Thinking thrice before supporting Brad Littlejohn


I'm going to comment on this post:


It was clearly an oblique broadside against this post:


He begins with hypotheticals. Nothing wrong with that in principle. However, the function of a hypothetical ought to be to clarify ethical reasoning. Instead, he uses hypotheticals to obfuscate the issue, like a squid inking the water. He raises hypothetical scenarios which he doesn't attempt to untangle. Instead of giving the reader any direction, he points the reader in all directions. That's worse than useless. 

Littlejohn says:

Here is my question: if Christians are going to hold up Kim Davis as a paragon of Christ-like refusal to compromise with injustice, then how soon are we going to hold up the hypothetical John Barlow or Joseph Rodriguez or William Black as well? Are we all prepared to examine our own vocations with the same rigor, and leave all to follow Christ? And if not, then is our admiration of Kim Davis simply proof of what progressives accuse us of--namely, a highly selective Pharisaism that takes sexual sins with profound seriousness, and everything else as relatively negotiable?

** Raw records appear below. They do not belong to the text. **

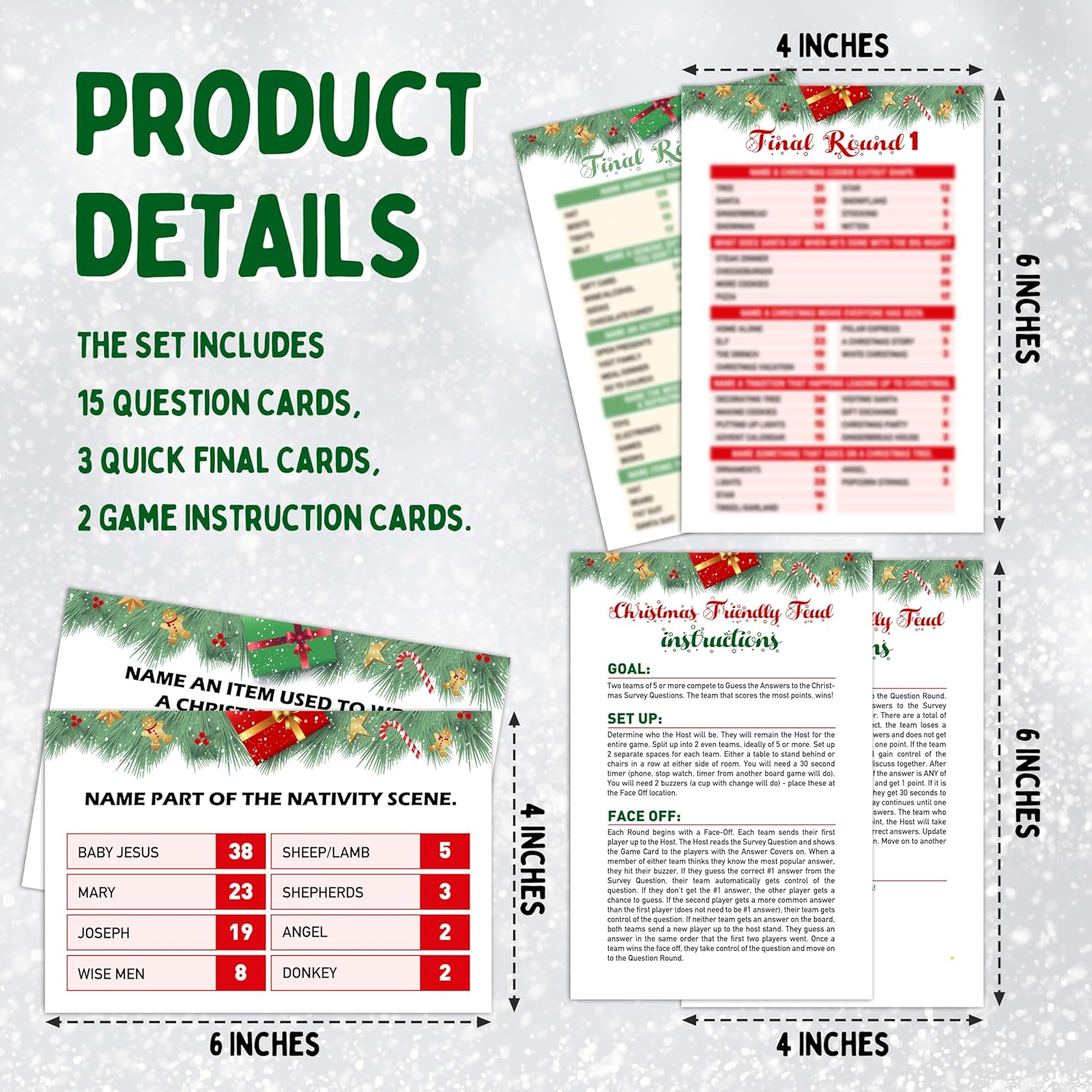 Friendly Feud Game - Christmas Family Party Game - Winter Adults Large Group Trivia Games & Activities (02)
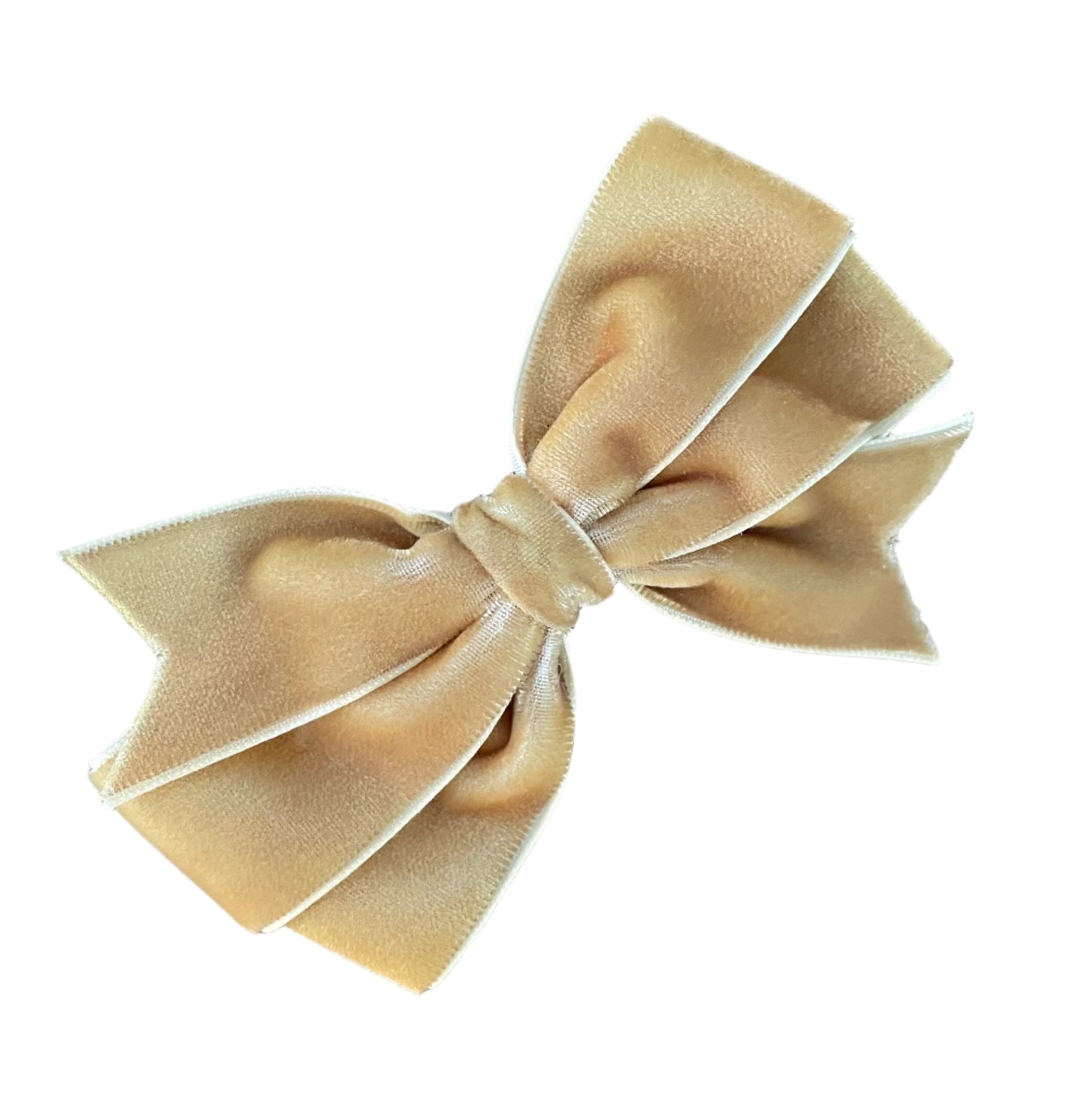 Velvet Small Hair Bow in Antique Gold, girl, holiday, Winter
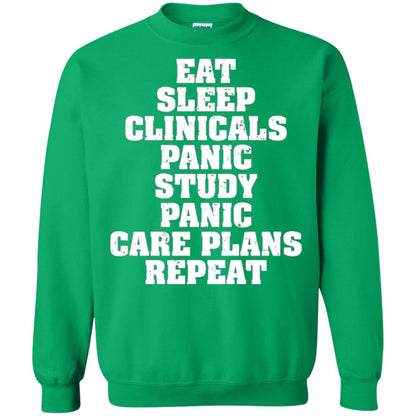 Funny Nursing Student T-shirt Eat Sleep Clinicals Panic Irish Green
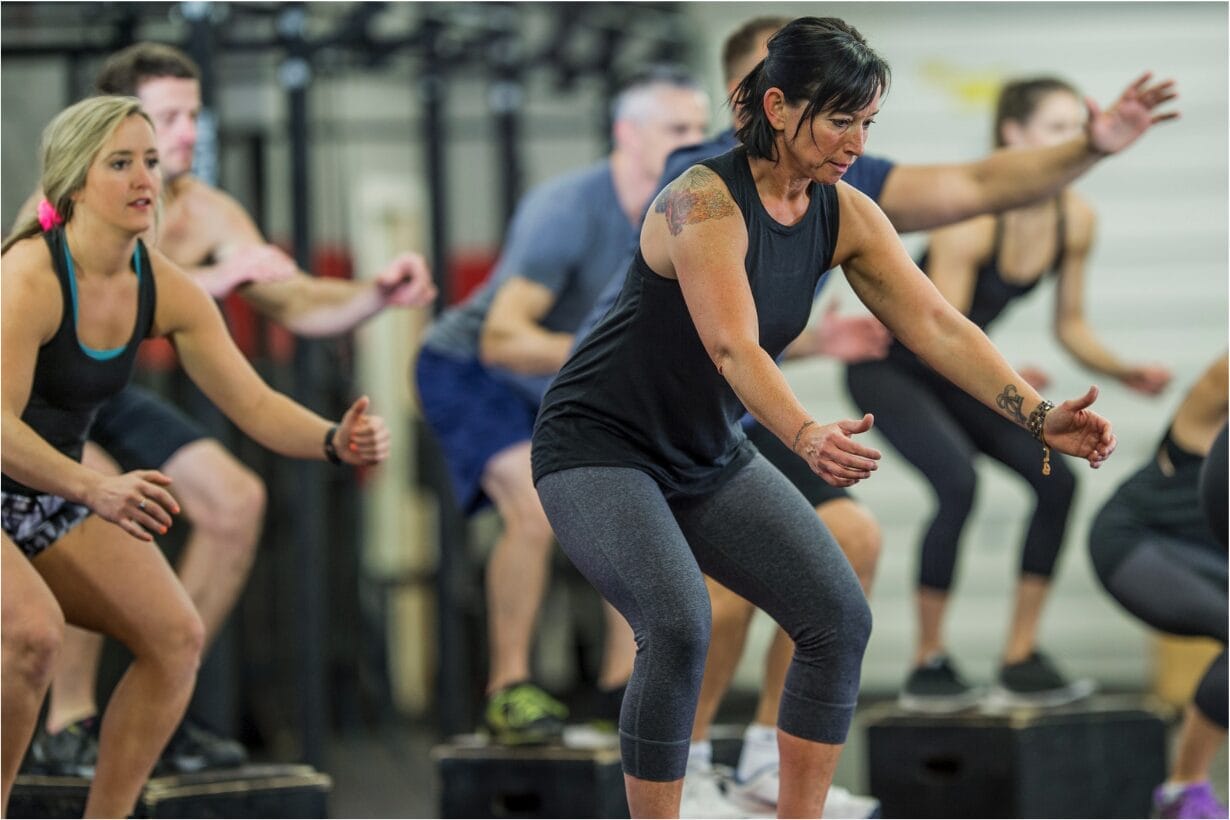 woman in a group exercise class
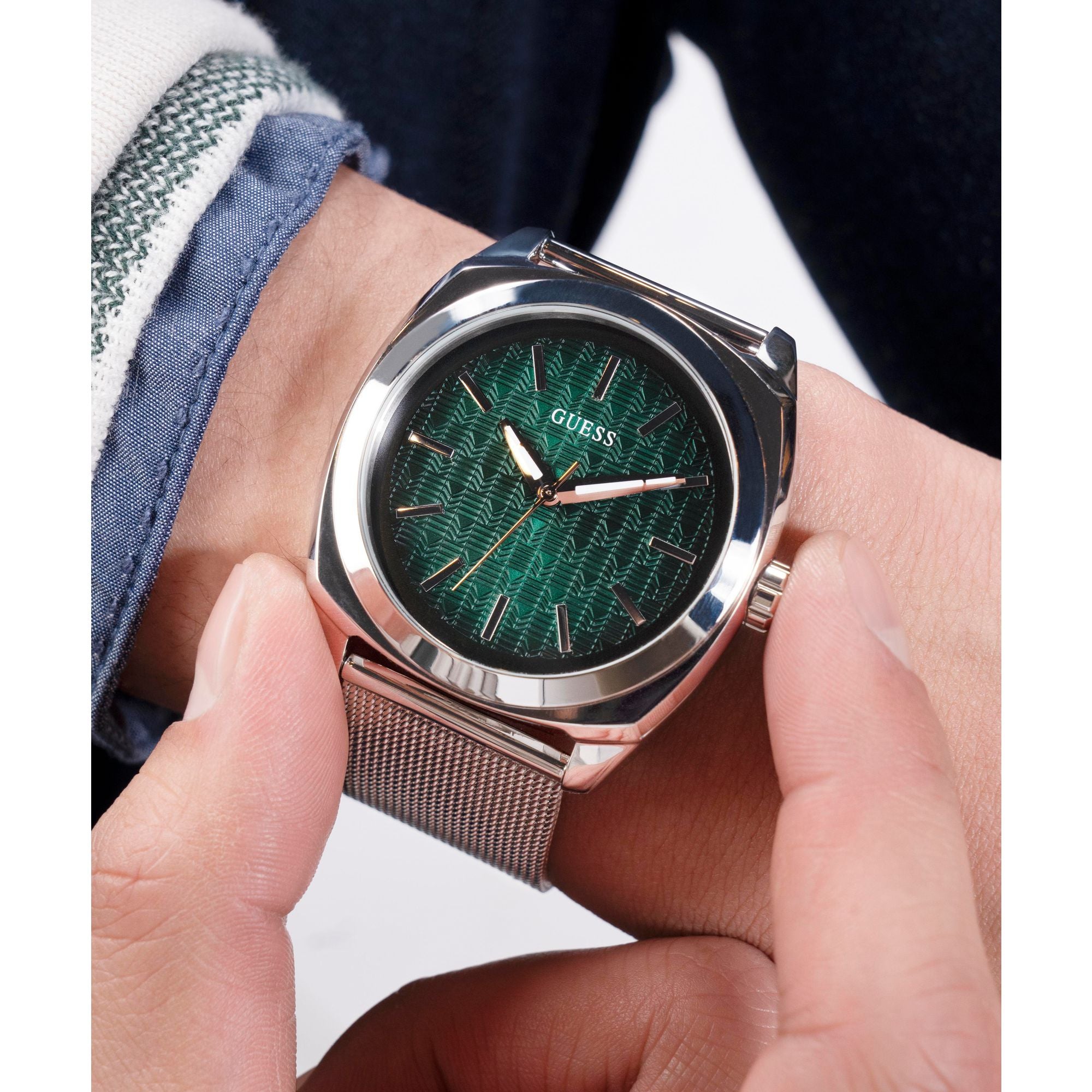 Guess Marshall Green Round Dial Quartz Analog Men Watch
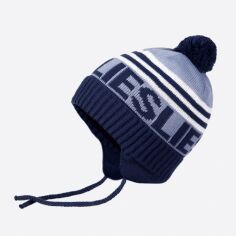 Акция на Дитяча зимова шапка в'язана на зав'язках з помпоном для хлопчика ESLI E 17С-9СП 48-50 Синя от Rozetka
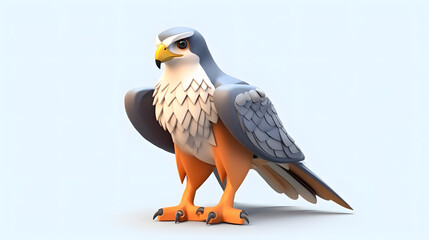 Falcon 3d cartoon style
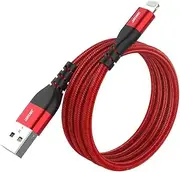iPhone Charger Cable,JianHan [Apple MFi Certified] USB A to Lightning Cable Nylon Braided 2m iPhone Cord for iPhone 14 13 12 11 Pro Max Mini XS XR X 10 8 7 Plus 6s 6 SE,iPad,iPod (Red)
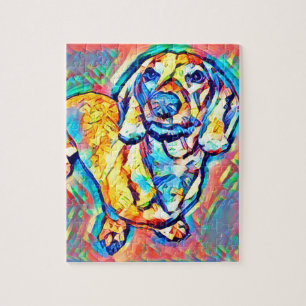Colourful Pop Art Dachshund Jigsaw Puzzle
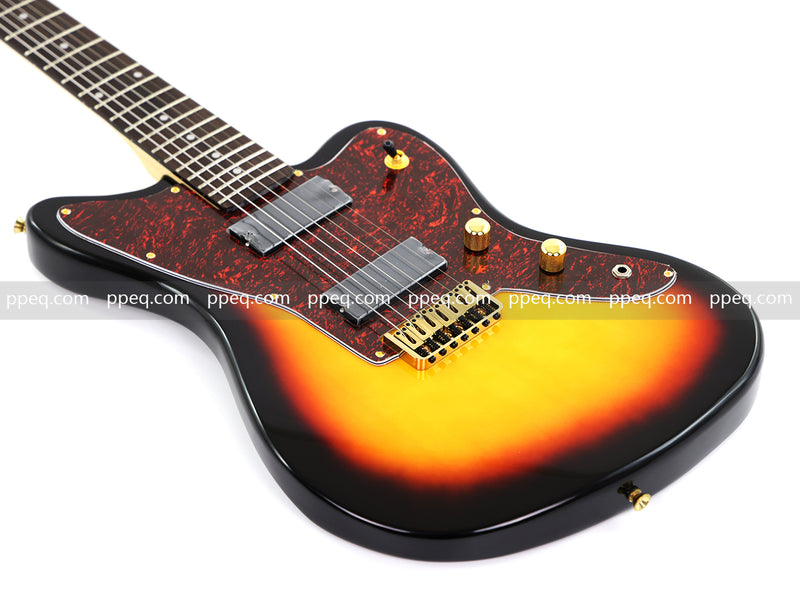 7-String Jaguar Style Offset Body Custom Electric Guitar with Gloss Sunburst Finish (GKS-067)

i) A better question is why we should accept how Littlejohn frames the issue? I, for one, am not holding up Kim Davis as a Christ-like paragon. Why does Littlejohn resort to an obvious caricature of the issue? In fact, the way he cast the question reflects his own intellectual confusion. 

Davis's personal character or personal motivation is irrelevant. This issue isn’t primarily or ultimately about Davis. It was going on long before she came on the scene, and it will continue long after her particular situation is settled one way or the other.

The cause is bigger than any particular individual who happens to represent that cause at any given moment. The rightness of the cause doesn’t derive from a particular spokesman.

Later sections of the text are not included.